I had one of those conversations with a stranger. You know, the one that starts with “so how long have you been divorced?” This one ended up lasting a bit longer than usual, despite my lob of the usually effective conversation stopper: “I’m not divorced, I’m a widow, my husband died 5 years ago.” Instead, this person wanted the details – she was giving me a spa treatment, so we had some time to fill. We had a chat about cancer, the length of his illness and she even wanted to know about the end (thrill seeker, I suppose).
I gave her a brief timeline of how it happened over the 20ish months of his illness – 1st diagnosis – radiation, 1st re-occurrence – surgery, 2nd re-occurrence – chemo, and then a sudden and very unexpected death after a week of chemo. I could tell from the comments she made and the questions she asked that she thought he’d heard his final diagnosis and given up. He died suddenly in her mind because the news scared him to death – he gave up. There was a sympathy and implied judgment in her nodding head.

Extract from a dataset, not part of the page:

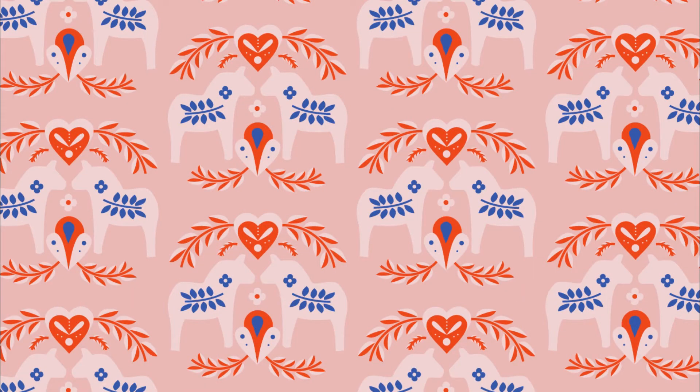Hi, I'm Emma. Today I'll be showing you how to create a Scandinavian style vector element like this one in Adobe Illustrator.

I wanted to rip her nodding head off. Okay, that’s a slight exaggeration, but I really did feel tempted to call her on the judgment she’d made and defend his honor. Who the hell did she think she was? She didn’t know him. I resisted the temptation, what did it matter really? She’d already made up her mind. He quit. It was too hard.
I walked away from the exchange completely annoyed. Why did I care what a stranger thought of Daniel 5 years after he was gone? I have no clue. But I do know that he was no quitter. It did get hard, and it continued to get harder and harder. He fought until the horrible awful end. I’ve never been prouder of a person’s strength in the face of adversity.
So there. Up yours spa lady.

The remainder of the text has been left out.